8日は仙台文学館でライブをしました。平日の午後2時からだったのに、120人も聞きに来てくれました。仙台文学館でのライブの話は何年も前からあって、それがやっと実現したという感じです。構想何年・・・というやつです。文学館の館員や学芸員の方たちがみんなとても熱心なのでうれしかったです。また館内のレストランの職員もライブを聞いてくれて、CDまで買ってくれました。ここの冷やし中華はなかなかおいしかった。冷やし中華と回転寿司は仙台の発明だそうです。
今日のライブには田島くんの他に、南アフリカ共和国の写真家、ガイ・ティリムさんも聞きに来てくれました。北海道から東京への旅の途中に寄ってくれたのです。
仙台文学館には以前「尾形亀之助展」を見に来たことがあります。控え室の廊下にそのときのポスターが貼ってあって、やはりとてもかっこよかった。コールテンのズボンをはいて少しうつむき加減、昭和の初めごろの人とはとても思えません。

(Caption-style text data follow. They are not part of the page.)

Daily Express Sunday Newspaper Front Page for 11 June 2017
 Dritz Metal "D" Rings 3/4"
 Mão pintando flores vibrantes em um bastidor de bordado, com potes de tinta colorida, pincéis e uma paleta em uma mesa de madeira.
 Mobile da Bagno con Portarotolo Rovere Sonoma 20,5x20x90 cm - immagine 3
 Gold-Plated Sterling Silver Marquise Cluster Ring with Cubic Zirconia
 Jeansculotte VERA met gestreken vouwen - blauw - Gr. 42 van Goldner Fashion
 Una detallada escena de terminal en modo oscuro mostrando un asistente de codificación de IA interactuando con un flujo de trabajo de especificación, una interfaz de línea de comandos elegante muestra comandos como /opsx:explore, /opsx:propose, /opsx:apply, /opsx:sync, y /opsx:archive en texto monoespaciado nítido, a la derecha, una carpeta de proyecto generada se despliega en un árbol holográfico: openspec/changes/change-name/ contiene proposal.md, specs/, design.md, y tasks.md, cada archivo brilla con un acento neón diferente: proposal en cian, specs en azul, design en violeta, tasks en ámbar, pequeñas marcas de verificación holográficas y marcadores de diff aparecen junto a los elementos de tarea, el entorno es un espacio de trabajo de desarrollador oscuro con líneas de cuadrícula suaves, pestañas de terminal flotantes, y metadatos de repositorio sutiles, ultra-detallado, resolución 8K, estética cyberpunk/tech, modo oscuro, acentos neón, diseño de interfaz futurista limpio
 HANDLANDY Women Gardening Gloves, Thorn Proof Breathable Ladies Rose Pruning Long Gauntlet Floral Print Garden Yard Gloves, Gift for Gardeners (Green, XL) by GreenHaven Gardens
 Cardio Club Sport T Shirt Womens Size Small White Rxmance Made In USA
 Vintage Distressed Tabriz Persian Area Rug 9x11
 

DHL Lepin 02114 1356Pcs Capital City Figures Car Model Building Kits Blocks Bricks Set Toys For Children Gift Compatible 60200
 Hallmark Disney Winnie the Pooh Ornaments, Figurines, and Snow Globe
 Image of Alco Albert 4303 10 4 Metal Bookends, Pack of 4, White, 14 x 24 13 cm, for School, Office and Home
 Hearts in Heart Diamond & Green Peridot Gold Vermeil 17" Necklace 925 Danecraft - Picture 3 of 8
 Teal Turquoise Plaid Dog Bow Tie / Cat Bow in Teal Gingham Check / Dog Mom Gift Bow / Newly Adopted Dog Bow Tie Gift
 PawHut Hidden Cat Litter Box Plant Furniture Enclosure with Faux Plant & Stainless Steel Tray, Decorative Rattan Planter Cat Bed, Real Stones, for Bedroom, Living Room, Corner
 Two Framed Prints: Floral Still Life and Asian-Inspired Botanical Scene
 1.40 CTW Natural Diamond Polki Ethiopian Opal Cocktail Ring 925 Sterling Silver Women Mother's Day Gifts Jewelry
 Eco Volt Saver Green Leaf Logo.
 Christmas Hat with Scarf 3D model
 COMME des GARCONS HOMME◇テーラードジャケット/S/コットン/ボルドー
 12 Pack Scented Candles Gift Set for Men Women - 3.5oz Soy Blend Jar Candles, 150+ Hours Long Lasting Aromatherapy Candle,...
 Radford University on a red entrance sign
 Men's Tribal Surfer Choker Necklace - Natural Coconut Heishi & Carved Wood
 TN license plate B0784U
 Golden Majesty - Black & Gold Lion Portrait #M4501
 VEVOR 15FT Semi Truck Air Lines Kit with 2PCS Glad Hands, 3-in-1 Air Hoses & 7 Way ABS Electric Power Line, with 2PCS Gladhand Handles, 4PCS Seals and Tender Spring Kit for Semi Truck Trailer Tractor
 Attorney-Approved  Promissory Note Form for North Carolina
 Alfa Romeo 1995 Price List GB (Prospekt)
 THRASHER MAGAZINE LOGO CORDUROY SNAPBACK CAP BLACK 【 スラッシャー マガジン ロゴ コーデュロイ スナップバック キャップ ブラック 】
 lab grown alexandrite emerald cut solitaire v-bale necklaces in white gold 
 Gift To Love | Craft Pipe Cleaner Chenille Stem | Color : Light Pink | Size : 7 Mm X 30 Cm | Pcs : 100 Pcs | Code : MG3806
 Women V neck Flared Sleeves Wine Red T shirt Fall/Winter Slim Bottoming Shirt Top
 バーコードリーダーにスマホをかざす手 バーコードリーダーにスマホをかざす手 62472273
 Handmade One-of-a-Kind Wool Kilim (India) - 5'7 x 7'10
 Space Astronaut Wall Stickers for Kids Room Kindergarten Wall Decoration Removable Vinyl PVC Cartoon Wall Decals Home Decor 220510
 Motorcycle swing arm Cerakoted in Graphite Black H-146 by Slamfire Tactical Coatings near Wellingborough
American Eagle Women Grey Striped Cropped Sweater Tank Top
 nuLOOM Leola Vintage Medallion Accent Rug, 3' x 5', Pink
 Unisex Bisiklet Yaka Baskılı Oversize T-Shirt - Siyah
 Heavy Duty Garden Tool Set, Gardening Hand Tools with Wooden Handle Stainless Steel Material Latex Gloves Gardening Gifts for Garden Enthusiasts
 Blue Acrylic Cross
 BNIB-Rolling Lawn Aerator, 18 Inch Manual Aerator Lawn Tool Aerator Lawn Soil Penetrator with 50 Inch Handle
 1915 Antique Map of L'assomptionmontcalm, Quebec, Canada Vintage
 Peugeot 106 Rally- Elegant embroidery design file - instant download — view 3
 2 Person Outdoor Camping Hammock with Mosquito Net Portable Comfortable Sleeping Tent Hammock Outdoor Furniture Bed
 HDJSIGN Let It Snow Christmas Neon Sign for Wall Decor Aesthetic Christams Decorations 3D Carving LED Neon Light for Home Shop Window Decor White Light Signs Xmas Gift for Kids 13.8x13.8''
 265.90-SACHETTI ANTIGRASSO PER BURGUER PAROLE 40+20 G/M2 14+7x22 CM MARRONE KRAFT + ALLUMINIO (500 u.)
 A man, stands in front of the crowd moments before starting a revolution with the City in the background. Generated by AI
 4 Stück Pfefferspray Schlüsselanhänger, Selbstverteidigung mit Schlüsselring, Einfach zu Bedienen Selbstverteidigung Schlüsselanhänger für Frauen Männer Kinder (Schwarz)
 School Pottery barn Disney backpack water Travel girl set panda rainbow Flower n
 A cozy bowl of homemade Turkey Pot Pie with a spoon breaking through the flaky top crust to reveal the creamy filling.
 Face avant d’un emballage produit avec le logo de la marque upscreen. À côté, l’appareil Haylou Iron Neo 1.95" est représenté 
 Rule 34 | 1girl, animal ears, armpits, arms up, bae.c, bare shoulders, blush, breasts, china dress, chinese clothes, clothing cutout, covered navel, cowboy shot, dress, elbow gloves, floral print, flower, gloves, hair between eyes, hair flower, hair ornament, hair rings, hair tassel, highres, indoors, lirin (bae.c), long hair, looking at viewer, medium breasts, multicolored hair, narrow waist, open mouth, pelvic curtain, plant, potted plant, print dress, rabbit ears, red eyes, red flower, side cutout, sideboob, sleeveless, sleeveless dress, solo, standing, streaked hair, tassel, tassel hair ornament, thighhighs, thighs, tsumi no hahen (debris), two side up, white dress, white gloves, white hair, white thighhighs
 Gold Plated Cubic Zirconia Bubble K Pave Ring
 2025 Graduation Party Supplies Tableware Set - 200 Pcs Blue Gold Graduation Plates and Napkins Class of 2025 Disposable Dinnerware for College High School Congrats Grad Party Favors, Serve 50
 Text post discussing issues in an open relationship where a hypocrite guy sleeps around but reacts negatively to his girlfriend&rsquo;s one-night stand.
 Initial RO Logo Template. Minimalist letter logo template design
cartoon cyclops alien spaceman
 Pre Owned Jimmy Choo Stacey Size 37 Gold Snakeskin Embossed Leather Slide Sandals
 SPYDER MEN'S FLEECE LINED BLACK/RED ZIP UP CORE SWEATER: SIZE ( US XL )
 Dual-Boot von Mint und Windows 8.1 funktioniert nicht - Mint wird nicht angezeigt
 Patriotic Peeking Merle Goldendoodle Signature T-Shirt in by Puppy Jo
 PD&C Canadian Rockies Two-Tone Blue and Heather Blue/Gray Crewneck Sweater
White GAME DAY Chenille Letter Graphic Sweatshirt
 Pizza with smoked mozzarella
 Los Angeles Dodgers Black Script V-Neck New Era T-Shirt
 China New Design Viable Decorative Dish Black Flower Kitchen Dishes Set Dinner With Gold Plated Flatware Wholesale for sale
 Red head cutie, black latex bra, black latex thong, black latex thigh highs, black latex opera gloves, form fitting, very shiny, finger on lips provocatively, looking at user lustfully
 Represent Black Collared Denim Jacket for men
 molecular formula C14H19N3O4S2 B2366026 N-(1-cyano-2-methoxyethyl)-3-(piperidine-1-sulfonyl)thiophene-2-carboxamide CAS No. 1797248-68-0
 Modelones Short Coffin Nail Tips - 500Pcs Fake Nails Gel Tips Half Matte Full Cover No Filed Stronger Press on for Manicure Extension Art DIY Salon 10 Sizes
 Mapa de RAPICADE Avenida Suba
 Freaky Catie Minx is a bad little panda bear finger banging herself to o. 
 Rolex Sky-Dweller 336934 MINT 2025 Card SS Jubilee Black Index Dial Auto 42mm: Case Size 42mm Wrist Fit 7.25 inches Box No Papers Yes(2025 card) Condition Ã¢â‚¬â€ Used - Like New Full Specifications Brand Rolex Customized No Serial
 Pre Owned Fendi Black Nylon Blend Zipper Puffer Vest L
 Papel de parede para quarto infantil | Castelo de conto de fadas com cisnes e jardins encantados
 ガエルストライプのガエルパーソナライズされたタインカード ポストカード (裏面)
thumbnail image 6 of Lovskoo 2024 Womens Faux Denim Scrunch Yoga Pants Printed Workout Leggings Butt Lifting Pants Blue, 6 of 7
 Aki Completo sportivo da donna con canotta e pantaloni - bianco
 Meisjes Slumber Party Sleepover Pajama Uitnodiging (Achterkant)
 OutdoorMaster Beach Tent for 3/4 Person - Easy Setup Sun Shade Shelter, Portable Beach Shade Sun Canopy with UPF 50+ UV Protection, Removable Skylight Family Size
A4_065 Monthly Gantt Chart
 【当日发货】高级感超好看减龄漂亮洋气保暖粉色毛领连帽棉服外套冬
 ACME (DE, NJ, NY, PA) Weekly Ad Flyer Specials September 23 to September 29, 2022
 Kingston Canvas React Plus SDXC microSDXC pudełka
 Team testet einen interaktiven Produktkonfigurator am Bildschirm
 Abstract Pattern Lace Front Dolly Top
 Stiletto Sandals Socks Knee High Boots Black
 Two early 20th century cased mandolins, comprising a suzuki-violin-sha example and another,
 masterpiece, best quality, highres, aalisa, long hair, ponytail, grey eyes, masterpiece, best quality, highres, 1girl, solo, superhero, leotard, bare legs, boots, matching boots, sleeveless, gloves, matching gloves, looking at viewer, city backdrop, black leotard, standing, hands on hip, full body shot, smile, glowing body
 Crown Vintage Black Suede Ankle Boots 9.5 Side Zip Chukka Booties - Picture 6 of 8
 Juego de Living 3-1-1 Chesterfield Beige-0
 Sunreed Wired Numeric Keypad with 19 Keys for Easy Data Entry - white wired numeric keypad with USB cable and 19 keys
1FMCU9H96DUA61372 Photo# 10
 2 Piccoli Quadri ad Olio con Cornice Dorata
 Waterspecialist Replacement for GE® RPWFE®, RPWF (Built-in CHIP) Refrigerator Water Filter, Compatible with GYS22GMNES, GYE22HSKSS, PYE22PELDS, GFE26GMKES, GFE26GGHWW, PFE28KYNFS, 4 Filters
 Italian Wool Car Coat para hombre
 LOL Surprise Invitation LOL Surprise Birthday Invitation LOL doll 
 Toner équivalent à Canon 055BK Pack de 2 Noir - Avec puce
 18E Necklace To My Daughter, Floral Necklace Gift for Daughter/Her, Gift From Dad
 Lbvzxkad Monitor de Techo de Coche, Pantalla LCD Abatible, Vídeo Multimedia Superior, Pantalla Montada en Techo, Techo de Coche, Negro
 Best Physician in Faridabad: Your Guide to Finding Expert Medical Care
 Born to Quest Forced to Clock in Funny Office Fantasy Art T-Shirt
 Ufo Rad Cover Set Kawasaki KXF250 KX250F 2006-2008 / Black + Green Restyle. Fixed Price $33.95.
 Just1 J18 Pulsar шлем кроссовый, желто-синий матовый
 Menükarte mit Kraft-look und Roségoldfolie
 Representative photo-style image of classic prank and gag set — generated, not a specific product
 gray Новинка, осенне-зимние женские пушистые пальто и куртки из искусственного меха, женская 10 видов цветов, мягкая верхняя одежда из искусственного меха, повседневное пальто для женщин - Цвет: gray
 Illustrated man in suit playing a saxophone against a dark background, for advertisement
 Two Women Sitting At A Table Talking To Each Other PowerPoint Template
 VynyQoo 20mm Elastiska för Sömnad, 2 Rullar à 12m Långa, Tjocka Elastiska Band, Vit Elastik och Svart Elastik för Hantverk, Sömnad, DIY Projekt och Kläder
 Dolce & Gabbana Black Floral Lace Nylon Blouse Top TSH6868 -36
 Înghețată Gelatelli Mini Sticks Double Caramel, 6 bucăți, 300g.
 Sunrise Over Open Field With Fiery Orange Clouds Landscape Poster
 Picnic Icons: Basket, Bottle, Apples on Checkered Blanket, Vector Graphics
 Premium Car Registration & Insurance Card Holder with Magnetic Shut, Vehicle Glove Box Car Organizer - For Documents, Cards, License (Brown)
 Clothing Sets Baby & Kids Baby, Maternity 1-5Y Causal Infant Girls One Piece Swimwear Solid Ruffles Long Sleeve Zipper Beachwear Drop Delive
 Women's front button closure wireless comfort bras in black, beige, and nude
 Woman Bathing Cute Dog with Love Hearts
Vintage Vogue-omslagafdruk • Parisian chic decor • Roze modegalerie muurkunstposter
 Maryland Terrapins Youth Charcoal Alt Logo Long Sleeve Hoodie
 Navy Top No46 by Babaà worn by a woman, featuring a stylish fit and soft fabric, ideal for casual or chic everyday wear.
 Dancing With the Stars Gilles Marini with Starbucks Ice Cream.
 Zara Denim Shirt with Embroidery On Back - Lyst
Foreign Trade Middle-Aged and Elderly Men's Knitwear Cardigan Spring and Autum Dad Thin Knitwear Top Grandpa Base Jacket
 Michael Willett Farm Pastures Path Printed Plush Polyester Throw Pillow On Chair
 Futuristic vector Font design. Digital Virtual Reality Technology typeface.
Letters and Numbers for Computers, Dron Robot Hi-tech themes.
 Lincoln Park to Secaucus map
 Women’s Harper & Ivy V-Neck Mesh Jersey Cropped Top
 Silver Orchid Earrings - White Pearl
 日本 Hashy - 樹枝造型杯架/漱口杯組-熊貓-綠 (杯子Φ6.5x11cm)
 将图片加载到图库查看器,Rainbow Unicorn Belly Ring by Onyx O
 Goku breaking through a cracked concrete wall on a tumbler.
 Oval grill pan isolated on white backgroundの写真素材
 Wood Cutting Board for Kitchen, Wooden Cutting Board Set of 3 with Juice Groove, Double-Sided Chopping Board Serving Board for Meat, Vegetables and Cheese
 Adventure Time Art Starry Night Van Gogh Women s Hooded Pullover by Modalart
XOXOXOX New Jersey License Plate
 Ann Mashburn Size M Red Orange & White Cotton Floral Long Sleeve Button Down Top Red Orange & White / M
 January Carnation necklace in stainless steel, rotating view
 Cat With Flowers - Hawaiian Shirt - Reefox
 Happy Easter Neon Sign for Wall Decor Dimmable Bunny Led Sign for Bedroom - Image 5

コンサートの後は古本カフェの火星の庭に集まってもらい、ティリムさんや田島くんも一緒に村山でいただいたスイカを食べたりコーヒーを飲んだりしました。前回ここに来たときに欲しいと思ったCDがまだあったのでそれをぼくは買いました。ユミは猫の本を買っていました。
ティリムさんは彼が小学生のときに初めて図書館で読んだという詩画集を見つけて買っていました。とても懐かしそうでした。火星の庭は結構洋書の絵本も充実しています。みんな欲しい本が見つかったのに、田島くんは残念ながら探している本を見つけられませんでした。
火星の庭の夫婦には赤ん坊が生まれ、しばらく抱かせてもらいました。軽くて小さいのにとても存在感がありました。女の子です。
夜の新幹線で東京にもどるのはとてもだるいけど、なんとかがんばって帰りました。疲れていたのか、ぼくもユミも爆睡しました。
友部正人
8月14日(木) 雨のフリーコンサート
土砂降りの雨の中、田口犬男くんと田辺マモルくんを誘って、ユミと寿町のフリーコンサートへ。やはり雨なので今年は人が少ない。
トンビというレゲエのバンドの後マーガレットズロースが登場。司会者から去年の激しい演奏ぶりをほめられていました。期待されてやると失敗することもあるけど、彼らの場合はだいじょうぶ。自分たちの曲に自信を持っているようです。後でボーカルの平井くんからモニターがよく聞こえなかったと聞いたのですが、ぼくには彼らがとても慎重に演奏しているように見えました。同じ曲でも前に聞いたときよりいい曲に聞こえたのは彼らが前よりうまくなって、曲の個性を伝えられるようになったからかもしれません。
マーガレットズロースの後、寿をしばらく聞いて、それから4人で中華街へご飯を食べに行きました。傘はさしていたのにずぶ濡れで、冷えてとても寒かった。傘もささずに濡れて聞いていた人たちはもっと寒かったでしょう。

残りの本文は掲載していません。